- Associated Press - Saturday, December 25, 2010

NEW YORK (AP) - Roy R. Neuberger, a Wall Street investor who became one of the nation’s top modern art collectors, has died. He was 107.

Neuberger died Friday at his home in Manhattan’s Pierre Hotel, said Rich Chimberg, a spokesman for the Neuberger Berman firm.

Neuberger had survived Wall Street’s three major crises with enough money to build one of the largest private collections of major contemporary masterpieces.

He acquired hundreds of paintings and sculptures by such artists as Milton Avery, Jackson Pollock, Willem de Kooning, Edward Hopper, Georgia O'Keeffe and others. But he never sold any work by a living artist, believing collectors should buy contemporary art and keep it, while giving the public access.

The works are now scattered at 70 institutions in 24 states _ many at the Neuberger Museum of Art in Purchase, north of New York City.

At a White House ceremony in 2007, President George W. Bush presented him with a National Medal of Arts.

Neuberger was a consummate New Yorker, living in the city for a century after moving from his native Bridgeport, Conn.

He finished high school but dropped out of college to work for the department store B. Altman & Co. as an upholstery fabric buyer.
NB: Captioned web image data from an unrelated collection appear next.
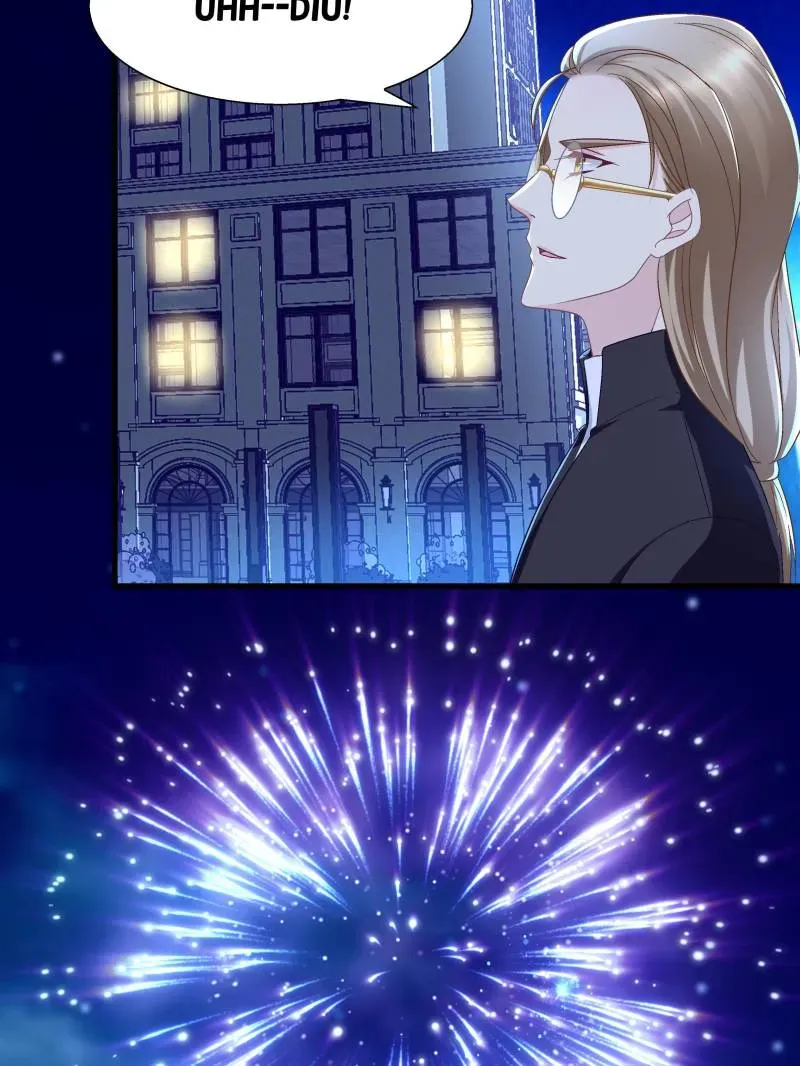 Heavenly Music Familiar Spirits Chapter 187 Online - página 48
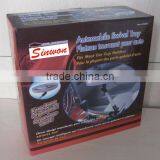 Car Tray thumbnail-1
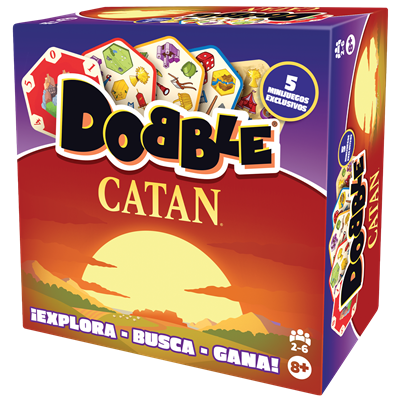 dobble-catan-jdm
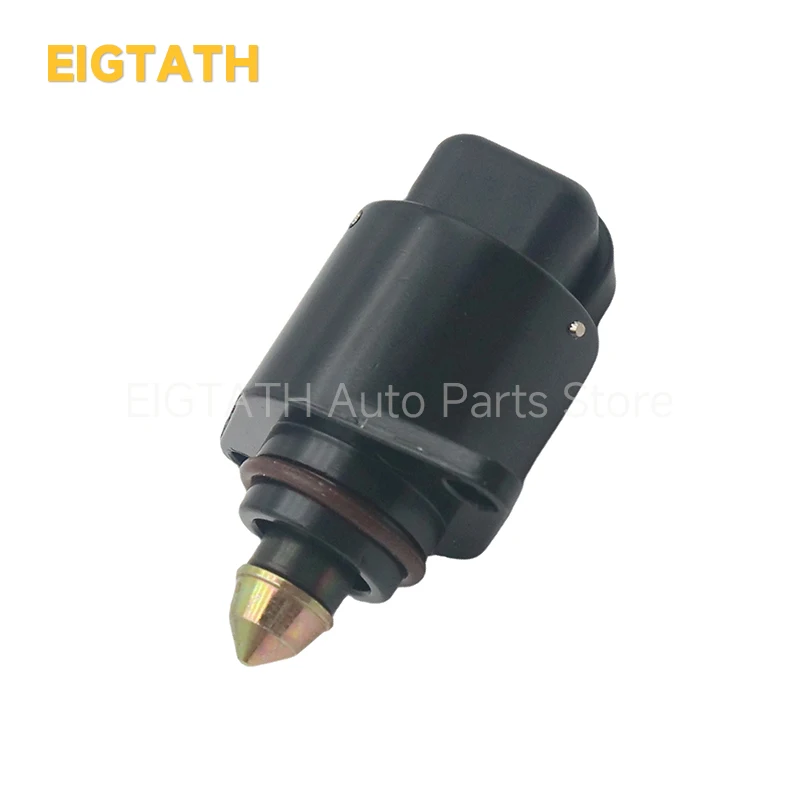 Good Quality Idle Air Control Valve IACV For Isuzu MUUER25FW UES25FW UES73FW Rodeo Amigo Chevrolet Frontera Car Parts 8920618980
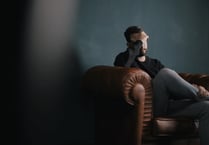 Loan sharks warning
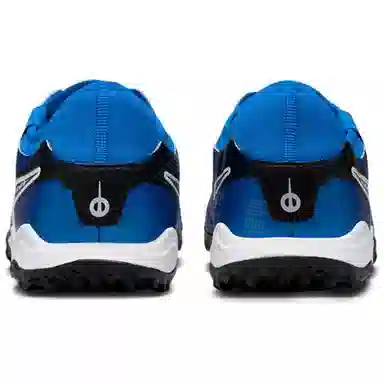 Nike Tiempo Legend 10 TF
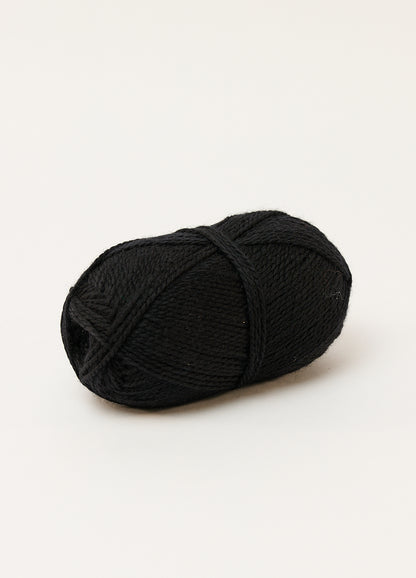 2805 BLACK
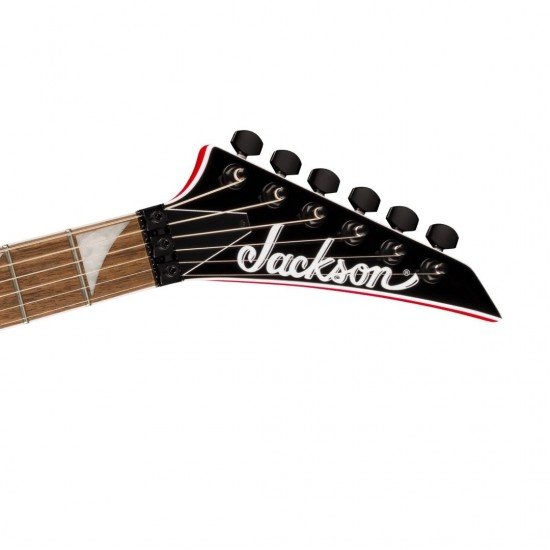 Jackson 2919974500 Limited Edition X Electric Guitar - Cross Dagger Jackson 2919974500 Limited Edition X Electric Guitar - Cross Dagger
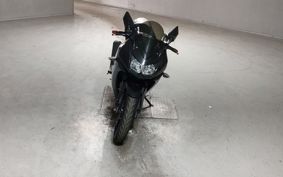 KAWASAKI NINJA250R EX250K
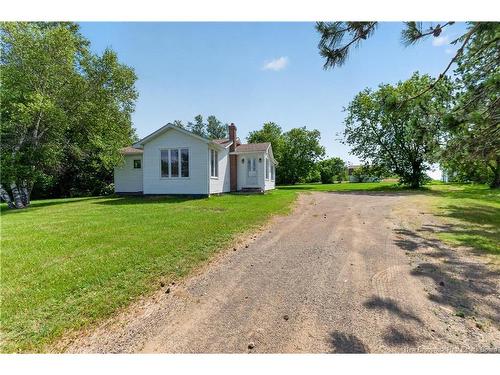 1109 Saint-Joseph, Sainte-Marie-De-Kent, NB 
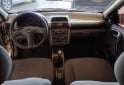 Autos - Chevrolet Classic 2013 GNC - En Venta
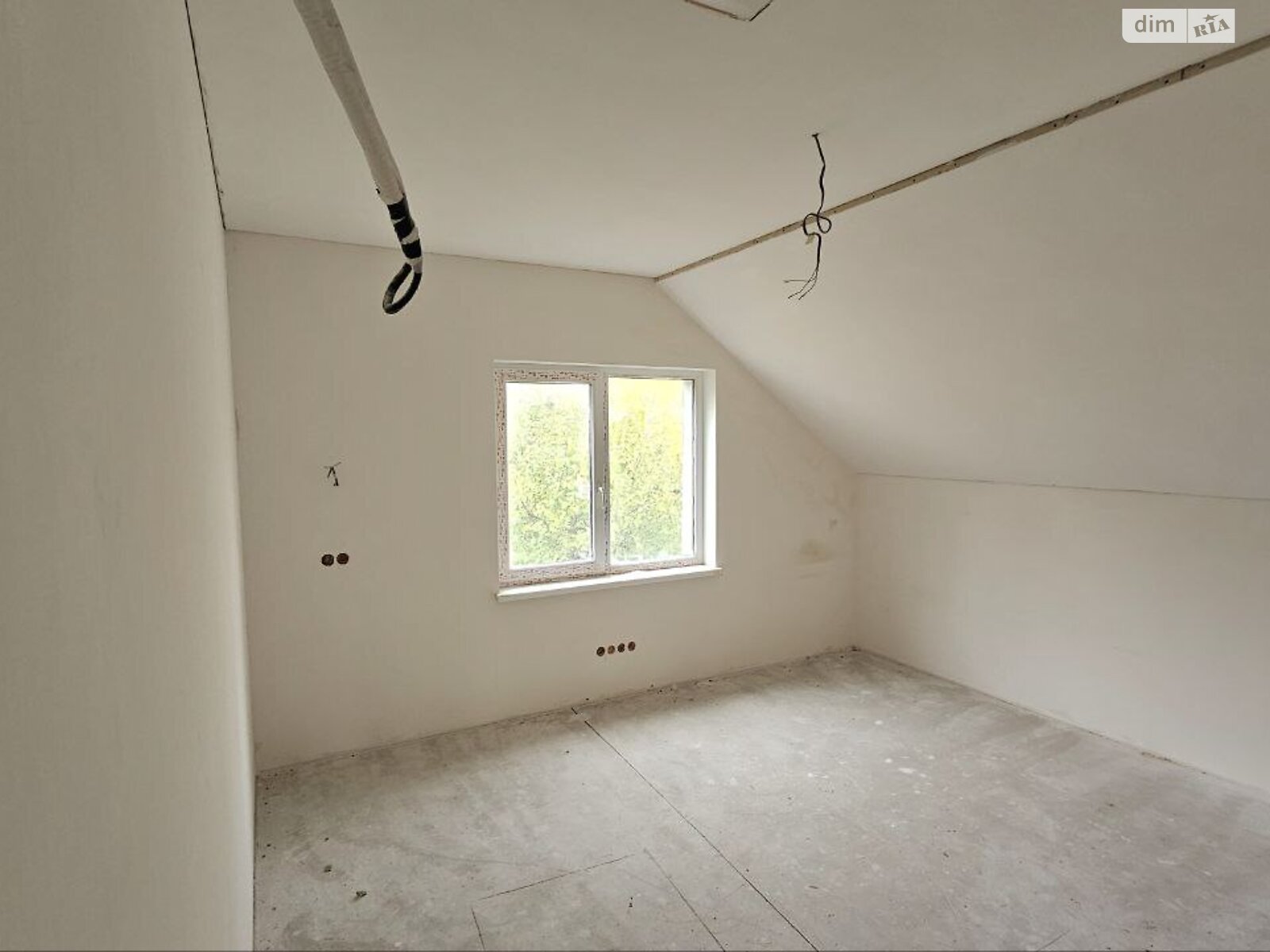 двухэтажный дом с отоплением, 163.2 кв. м, кирпич. Продажа в Ирпене район Ирпень фото 1 двухэтажный дом с отоплением, 163.2 кв. м, кирпич. Продажа в Ирпене район Ирпень фото 1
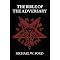 Luciferian books and other occult books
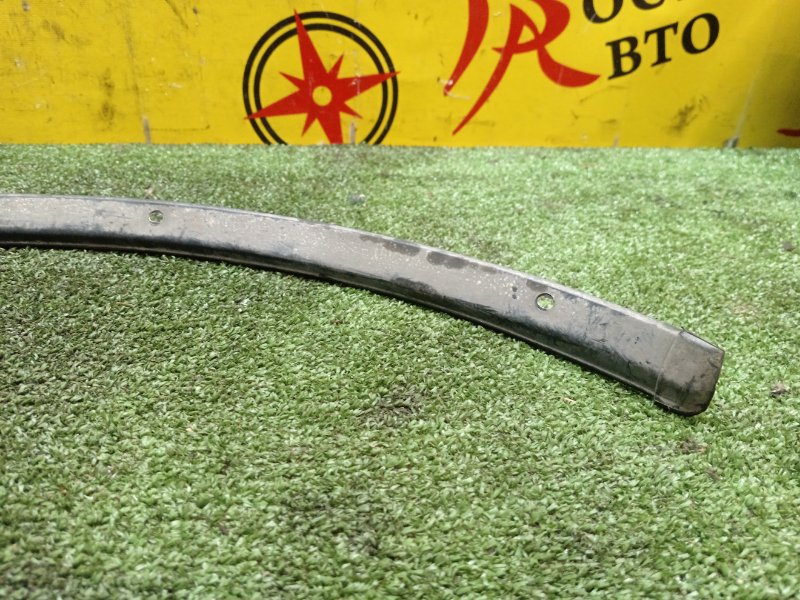 Молдинг кузова, 1500 рублей, Красноярск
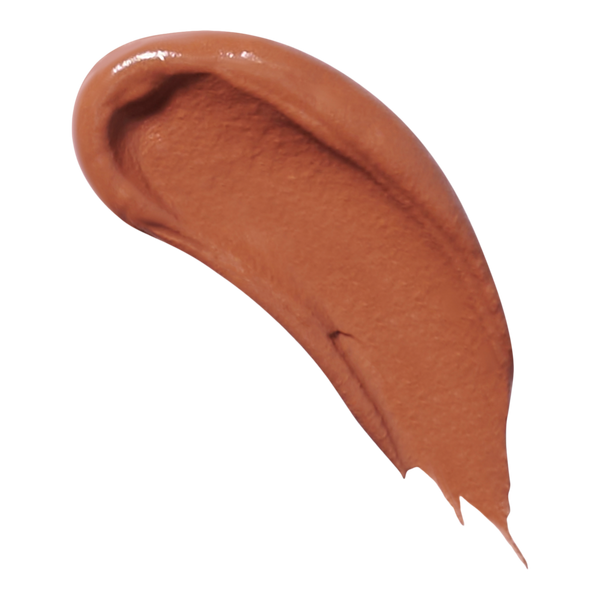 Juvia's Place Velvety Matte Mousse Lip Cream #2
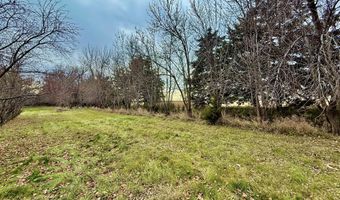 12925 Prairiewood Dr, Aberdeen, SD 57401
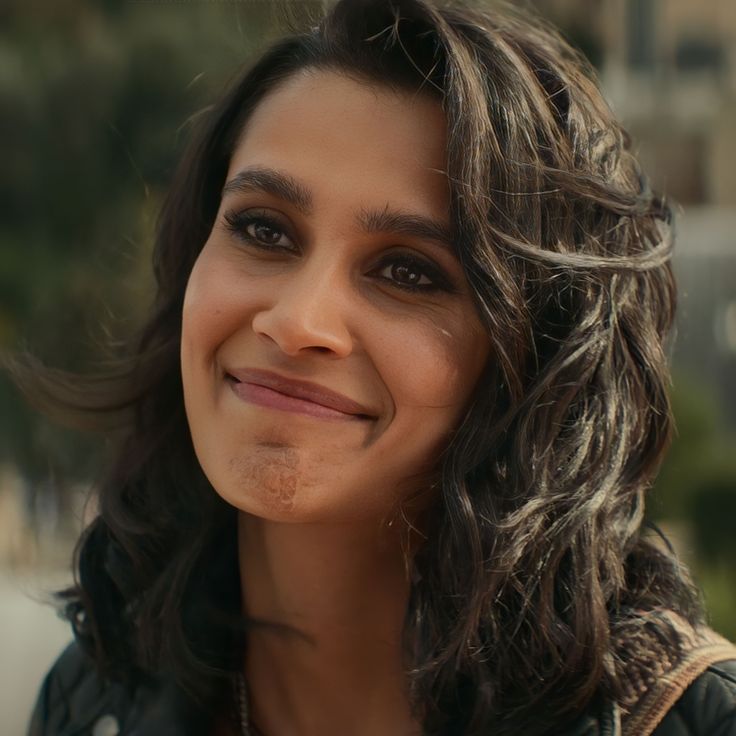 сойка пресмехулка tweet media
During his two years there, he developed a taste for both art and business.

To get closer to the European scene he knew from books, Neuberger moved to Paris in 1924 on money inherited from his father. That’s where he decided to start collecting.

In his 1997 autobiography, “So Far, So Good: The First 94 Years,” he said that “to do so, I had to have capital of considerably more than the inheritance that gave me an annual income of about $2,000. … So I decided to go back to work in earnest.”

He got to Wall Street in the spring of 1929, as a runner for the brokerage firm Halle & Stieglitz.

Betting that the stock market might fall, Neuberger sold short on shares of the most popular stock then, Radio Corp. of America, and came out of the stock market crash losing only 15 percent of his money.

After becoming a stockbroker in 1930, he started his own firm with a partner, surviving the crash of 1987.

In 1996, “the Dow Jones industrial average had climbed to 5,704 and (his wife) Marie and I had had 64 wonderful years together,” he wrote. She died in 1997.

Neuberger published a second memoir, “The Passionate Collector,” in 2003.

He is survived by his daughter, Ann Neuberger Aceves; sons Roy S. Neuberger and James A. Neuberger; eight grandchildren; and 30 great-grandchildren.

A funeral was planned for Sunday at Manhattan’s Riverside Memorial Chapel.